Multi-Set Rewriting based syntax

We can model an agent by providing its transition rules between one state and another. This is how Tamarin models protocols, using so-called Multi-Set Rewriting (MSR) rules. If we denote by StateC(C,x_sk) the fact that a client C is in the intermediate state of the protocol, we need to define a rule which can consume some input, samples a fresh x_sk and send out the corresponding public key. Tamarin relies on a set of builtin facts to enable this, with :

With this in mind, the first rule to initialize a client is as follows.

(* Tamarin *)

rule Client_Init:
  let x_pk = 'g'^x_sk in
  [ Fr(~x_sk)]   (* if a fresh value x_sk is available *)
     -->
  [ Out(<x_pk>), StateC(C, x_sk) ]  
  (* we send the correspinding public key  out and create an intermediate client state. *)

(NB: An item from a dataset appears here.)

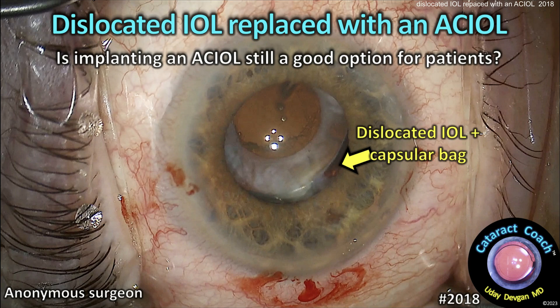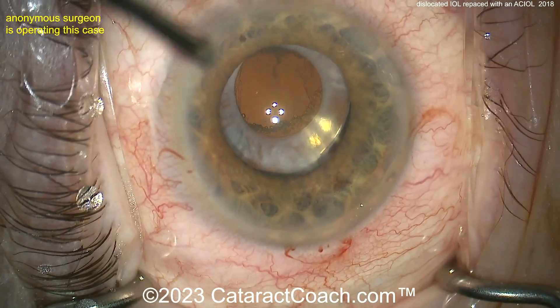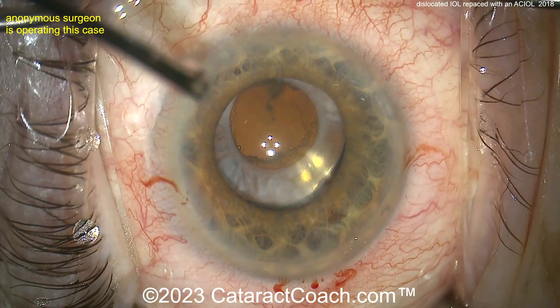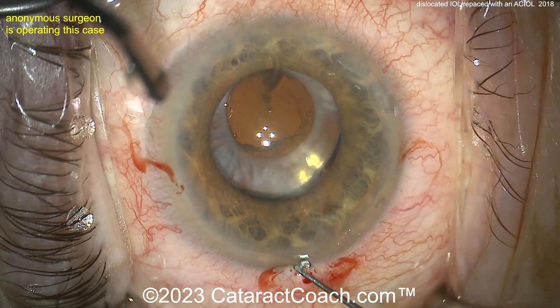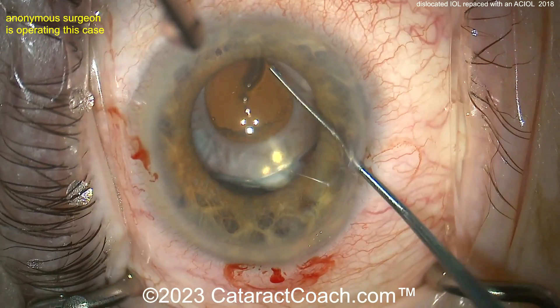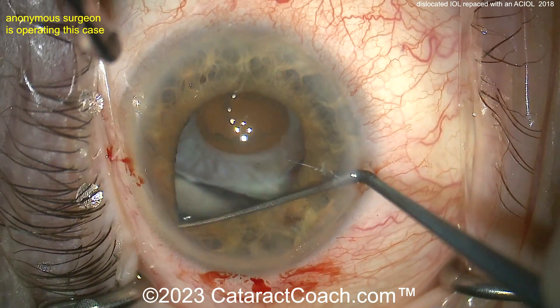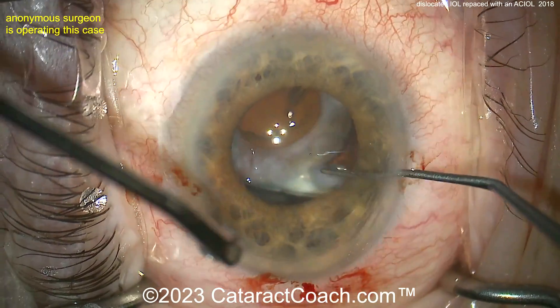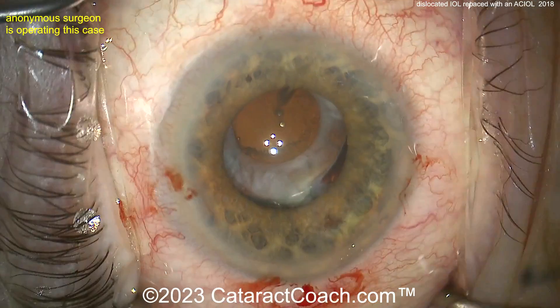cataractcoach.com: dislocated IOL replaced with an AC IOL — is implanting an anterior chamber IOL still a good option? An anonymous surgeon is operating. Look at that capsule phimosis. When you have this bad capsule phimosis, it can really cause all the zonular support to just erode away as that capsule keeps contracting and wrapping down, pulling on that zonular support.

To define the next and final client step, we also define an additional fact !Pk(S, s_pk) which can be read by a rule and models the fact that s_pk is the honestly produced public key of Server S (the ! prefix means that here we define a persistent fact, which can be used an input to transition rules but will not be consumed). In addition, we also need to be able to add the restriction that a transition can only be executed if some check succeeds. We add to this end an Eq(x,y) event, that we can use to lable transitions functions, and for which we define that such an event can only occur when x=y.

(* Tamarin *)

rule Client_Accepts:
  let
    m = <y_pk, serverSign>
    x_pk = 'g'^x_sk
    dh_output = y_pk^x_sk
    K_C = h(dh_output)
  in
  [ StateC(C, x_sk), 
  (* We consume the intermediate state produced by
    the previous rule *)
    !Pk(S, s_pk),
    (* We read the value of an available public key. *)
    In(m)
    (* we receive the actual message *)
    ]
  --[  Eq(verify(serverSign, <x_pk, y_pk>, s_pk), true)]->
  [ ]

restriction Eq:
(* We express the restriction in a first-order temporal logic. *)
  "All x y #i. 
         Eq(x, y) @ #i  
         (* Whenever at step i in some protocol
         execution a rule with the label Eq(x,y) is raised. *)
               ==> x = y" (* then we must have x=y *)

🗅 Note

In Tamarin, some variables can be prefixed with a special symbol to give some additional details to the tool about their possible values. A $ prefix denotes a publicly known constant, will ~n denotes a fresh value obtained through a Fr(~n) fact. In the actual protocol modeling, the client and server identity C and S are in fact be $C and $S, and x_sk would be ~x_sk.

Modeling the protocol

To finalize the definition of the protocol, it remains to model the concrete scenario we are in:

In addition to the previous definitions for the Client we also defined similar things for Servers, we can in the pi-calculus based tools directly setup our scenarios by relying on a parallel composition operator | and a replication operator ! to spawn multiple sessions.

(* Squirrel *)
process protocol = (
   (!_i
     (* instantiate parallel replications indexed by i *)
      Client(i))
   | 
   (!_S !_k Server(S,k))
   )

(* Proverif *)
process
    !
    (
    (* Initiatialize a new server identity, under the ! replication *)
    new s_sk: skey;
    let s_pk = pk(s_sk) in
    out(c, s_pk);

    (* spawn for this identity an unbounded number of sessions *)
    ! Server(s_sk,s_pk) 
    (* spawn an unbounded number of clients, using keys received as inputs *)
    ( ! in(c,s_pk:pkey); Client(s_pk))   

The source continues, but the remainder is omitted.